Start of RECORDS FOR THE EXERCISE
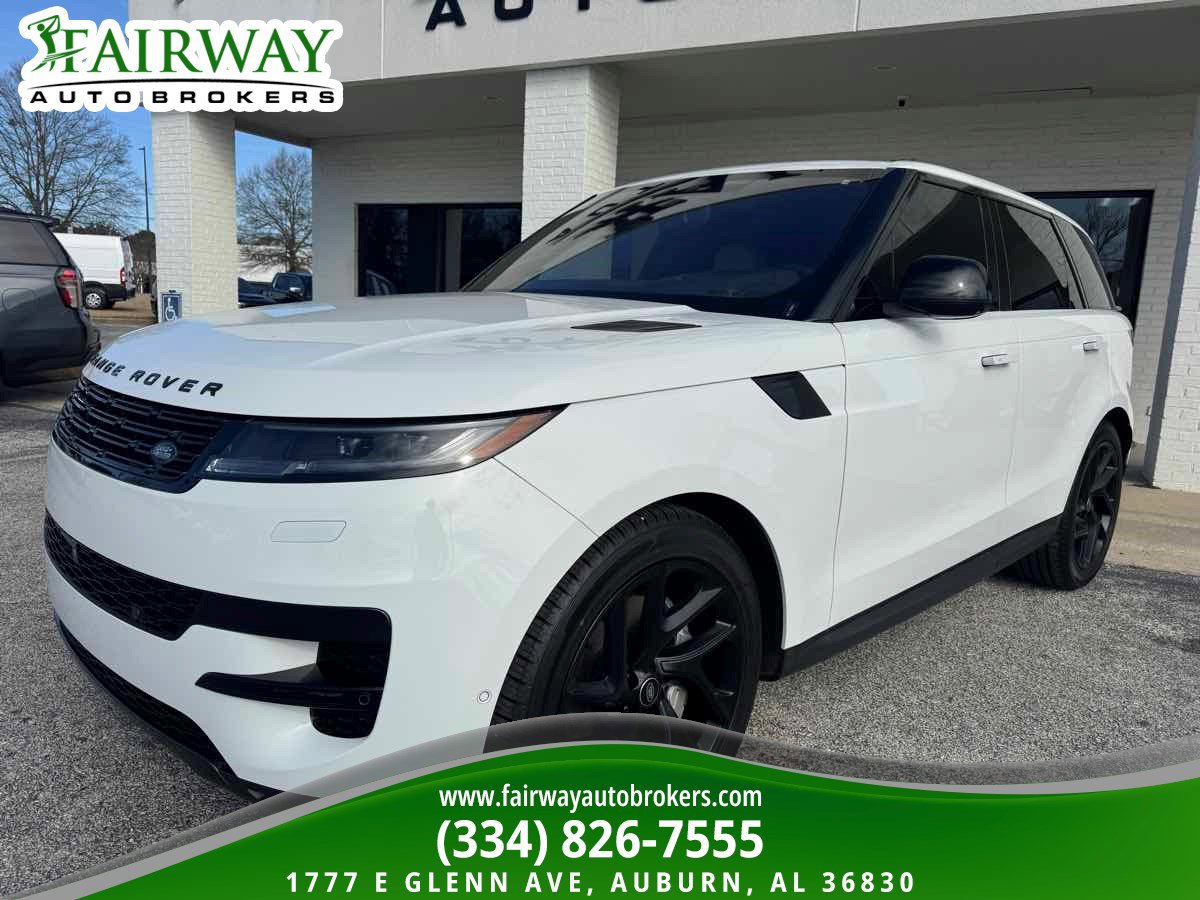 Used 2023 Land Rover Range Rover Sport SE image 2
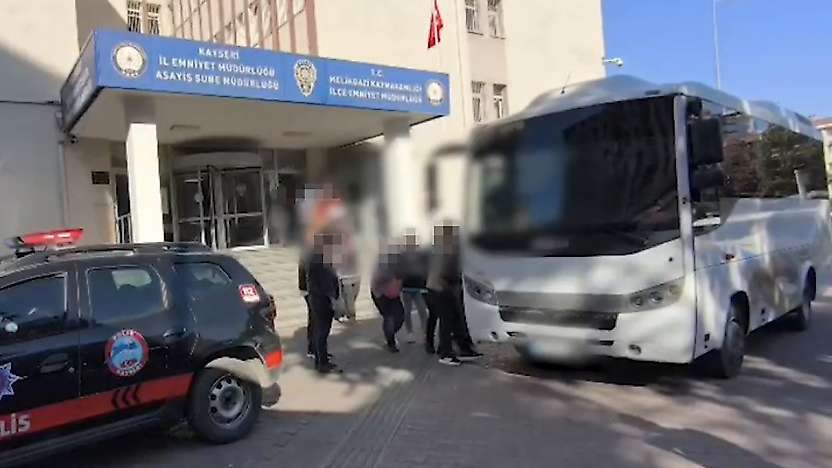 Kayseri'de masaj salonlarına fuhuş operasyonu: 10 tutuklama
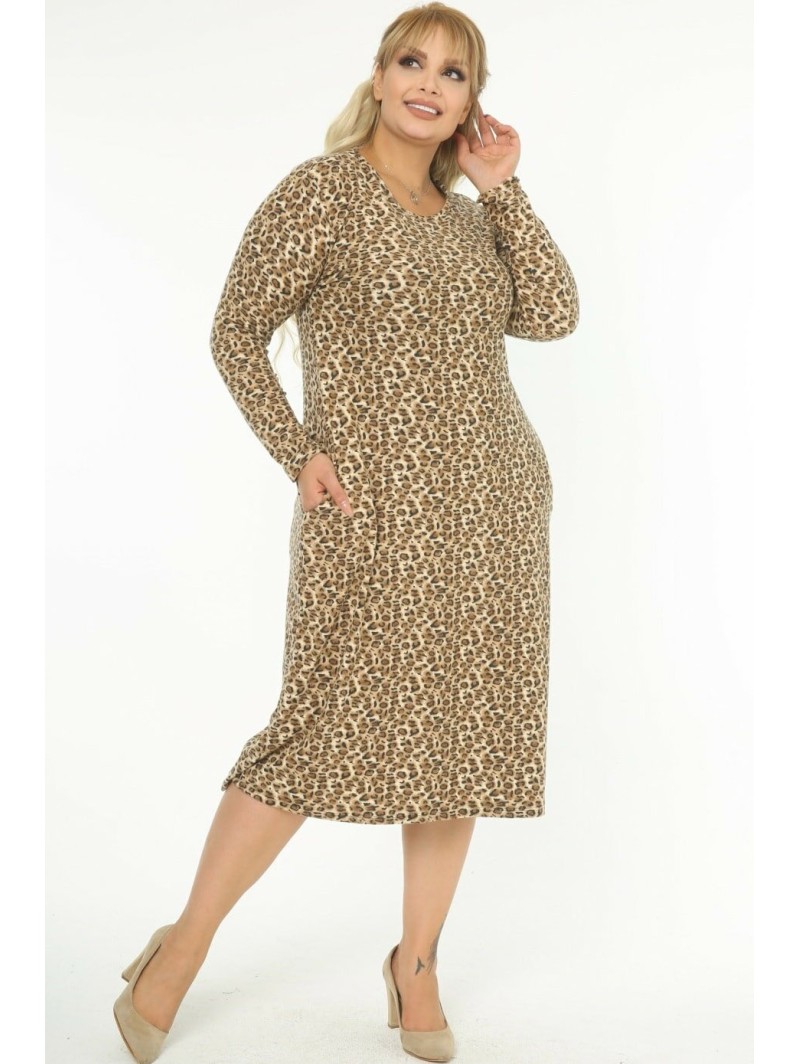 Raštuota suknelė Raštuota suknelė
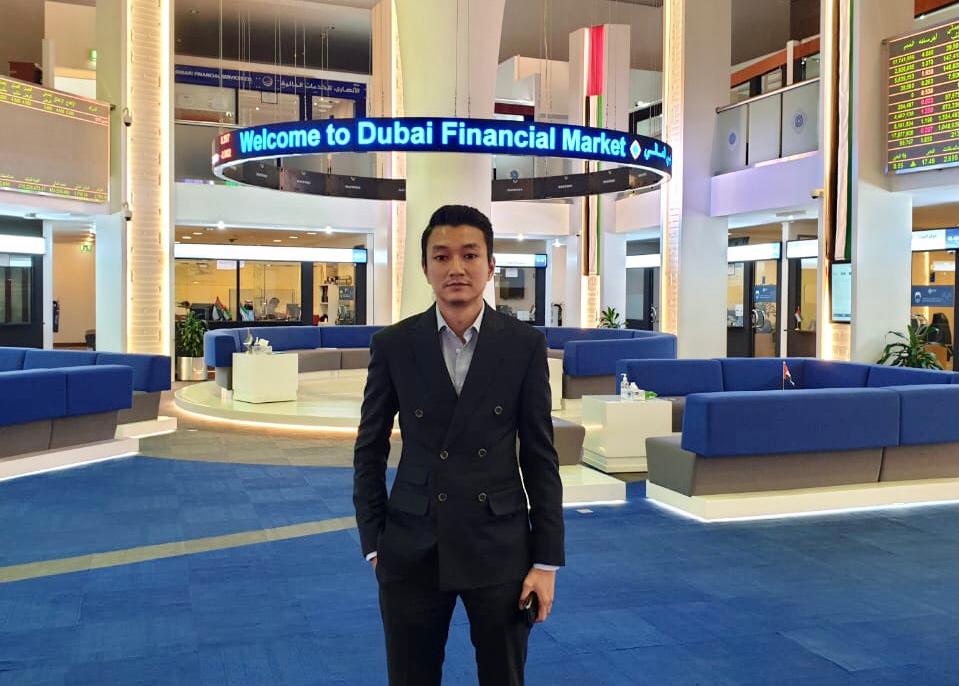 Calvin Lutvi, Komisaris Independen Lucy in The Sky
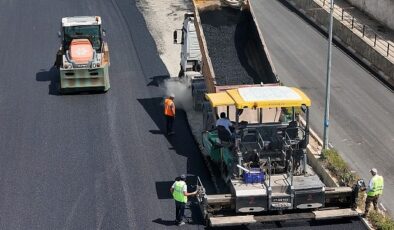 Aydın Büyükşehir Belediyesi, kent genelinde vatandaşlar için daha inançlı ve konforlu yollar oluşturmaya devam ediyor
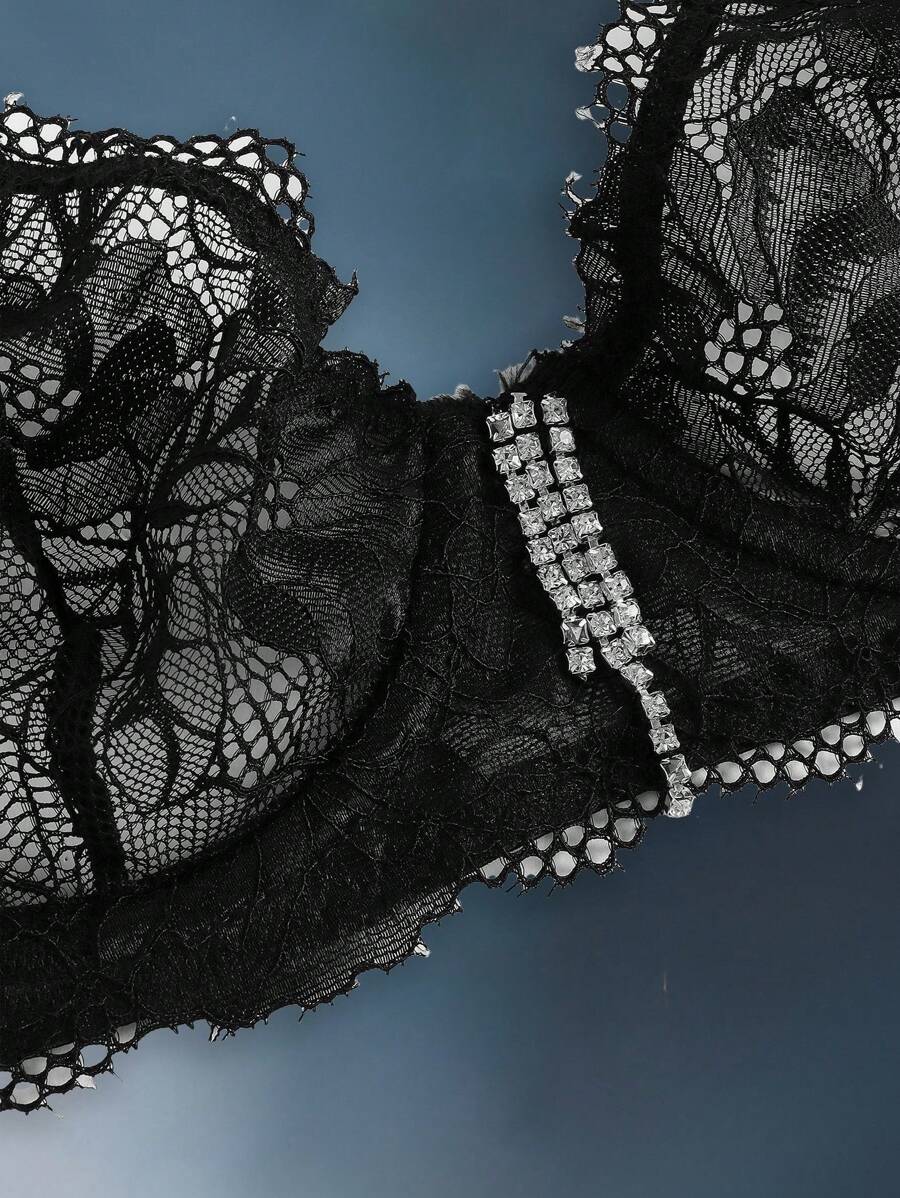 Empress Envy 3 pièces Ensemble de lingerie pour femme en dentelle fleurie et strass à armature 3/4 tasse sexy avec string, en noir. Convient pour les fêtes, les vacances et le quotidien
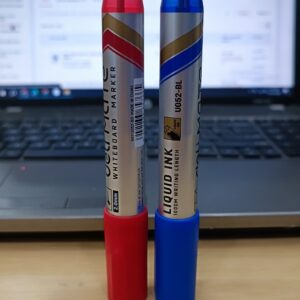 Bút lông bảng Deli EU052 - Ngòi 2 mm - mực nhiều gấp 3 lần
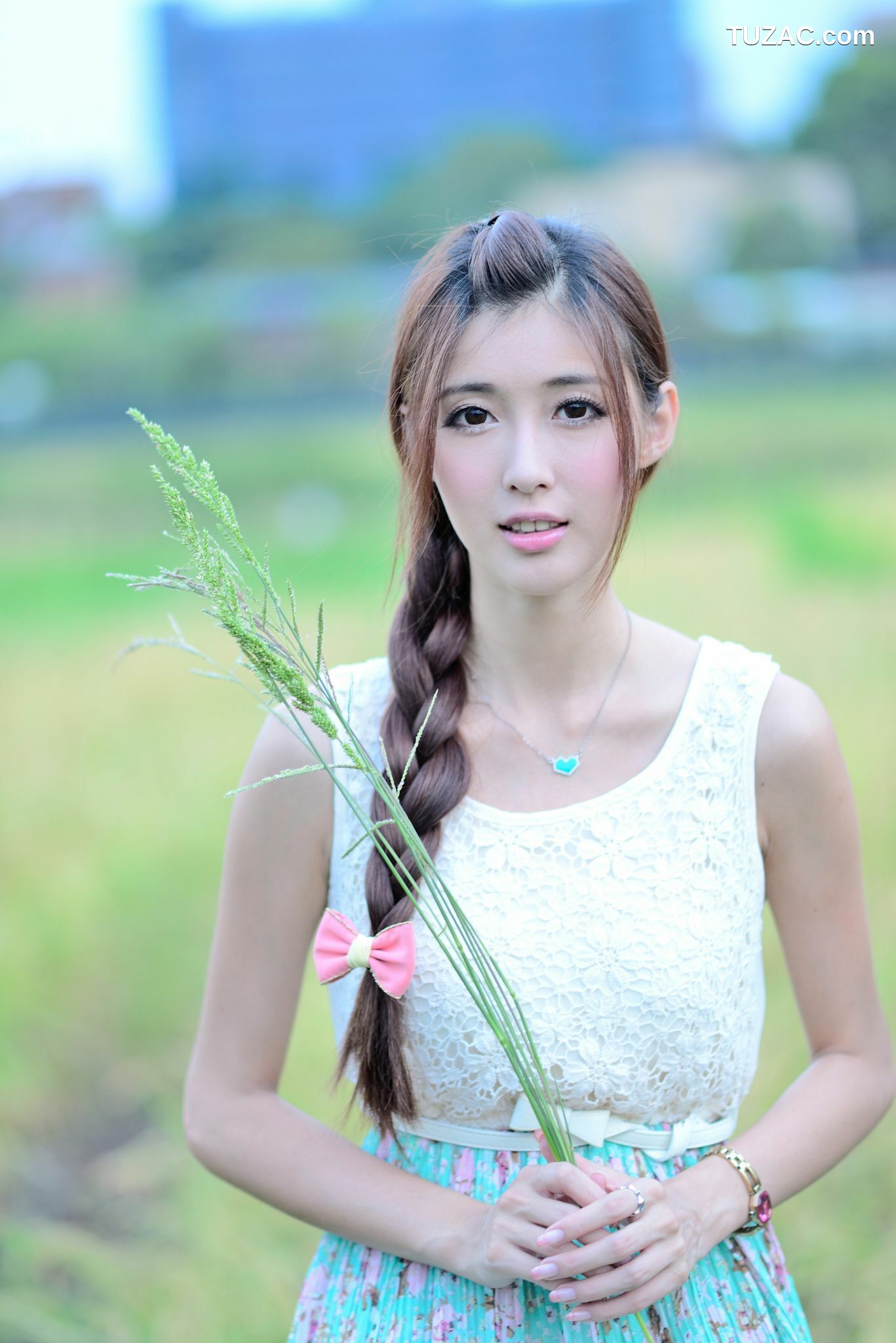 台湾正妹_Kila晶晶/金允乔《小清新唯美长裙》外拍写真集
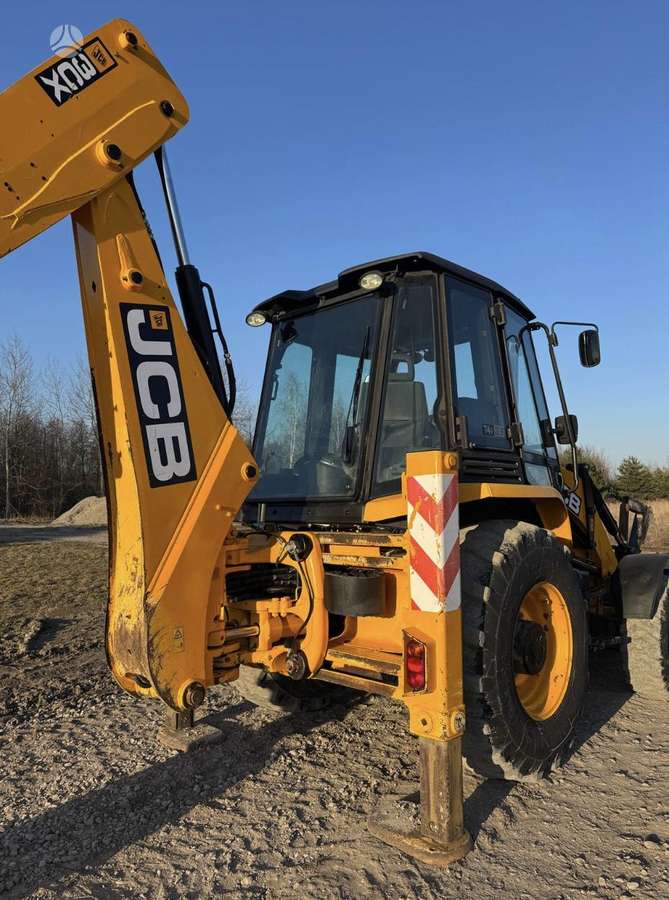 JCB 3CX, ekskavatoriniai krautuvai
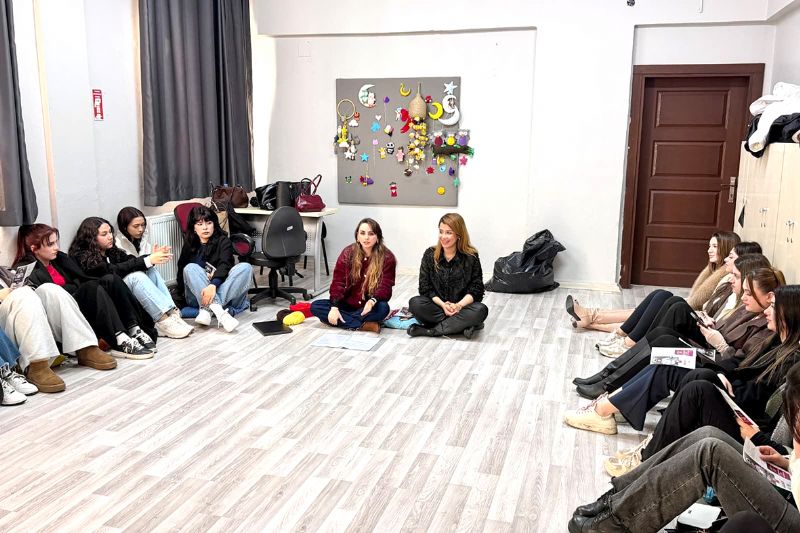 Gen� kad�nlara �Fl�rt �iddeti� e�itimi ...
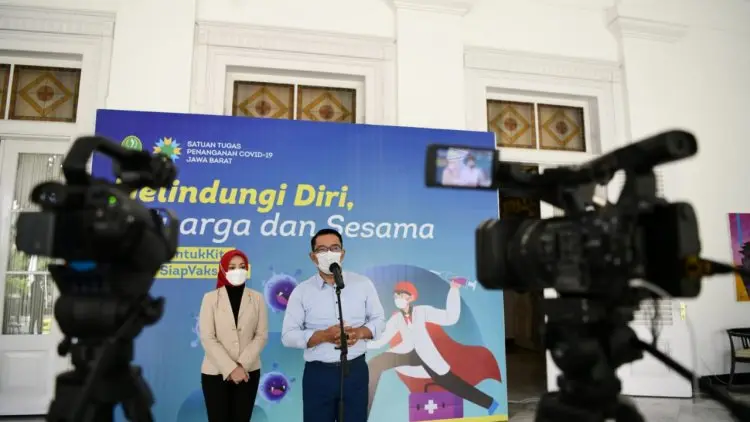 Ridwan Kamil Minta 27 Kepala Daerah Gerak Cepat Tingkatkan BOR 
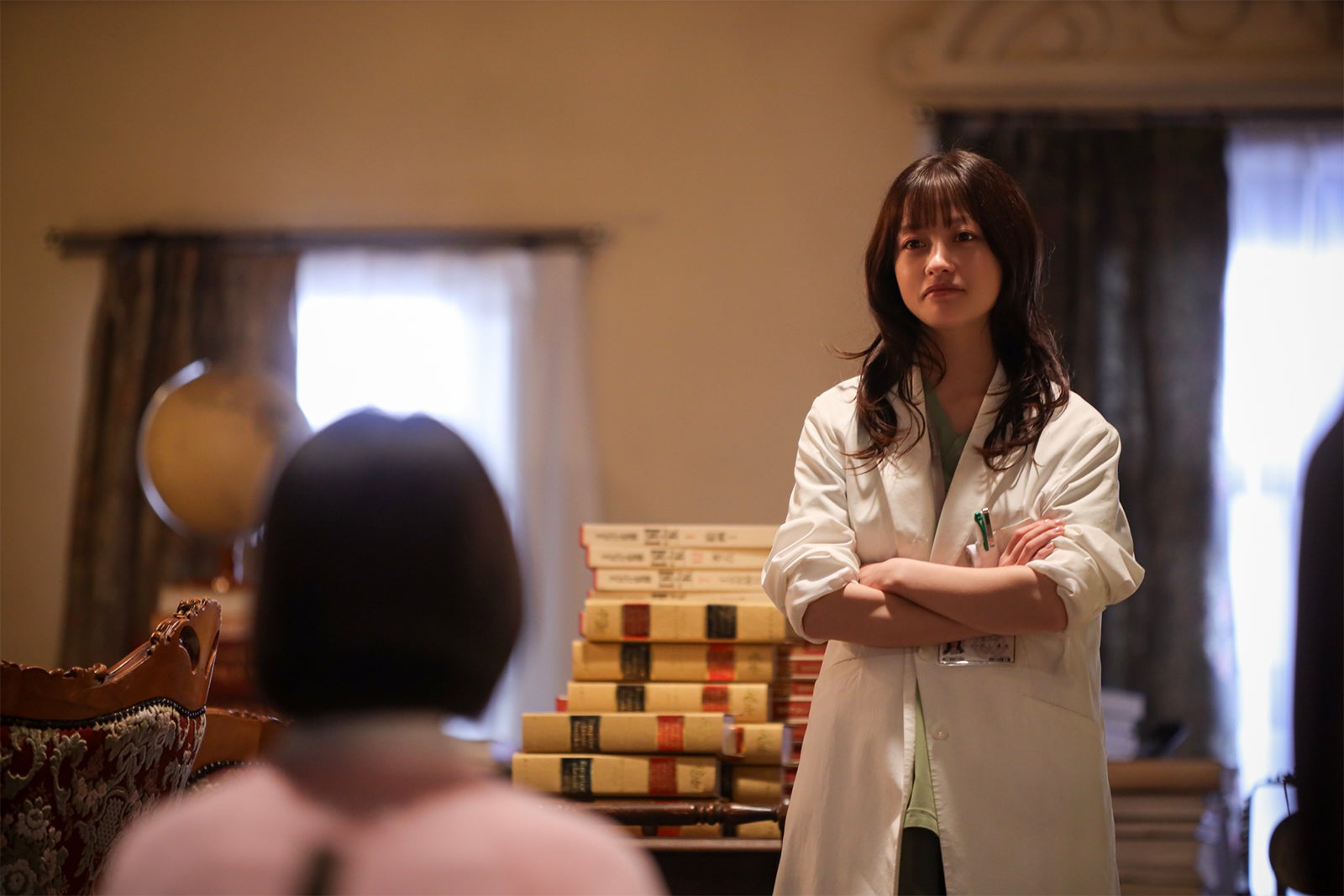 橋本環奈「天久鷹央の推理カルテ」第6話（C）テレビ朝日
End of RECORDS FOR THE EXERCISE
▶ **TO DO**
Using the entries above, repeat exactly the lines from the one with "Aydın Büyükşehir Belediyesi, kent" to the one with "Gen� kad�nlara �Fl�rt �iddeti� e�itimi ...", both included, and leave the pictures behind.

▶ **COMPLETED TASK**
 Aydın Büyükşehir Belediyesi, kent genelinde vatandaşlar için daha inançlı ve konforlu yollar oluşturmaya devam ediyor
 Empress Envy 3 pièces Ensemble de lingerie pour femme en dentelle fleurie et strass à armature 3/4 tasse sexy avec string, en noir. Convient pour les fêtes, les vacances et le quotidien
 Bút lông bảng Deli EU052 - Ngòi 2 mm - mực nhiều gấp 3 lần
 台湾正妹_Kila晶晶/金允乔《小清新唯美长裙》外拍写真集
 JCB 3CX, ekskavatoriniai krautuvai
 Gen� kad�nlara �Fl�rt �iddeti� e�itimi ...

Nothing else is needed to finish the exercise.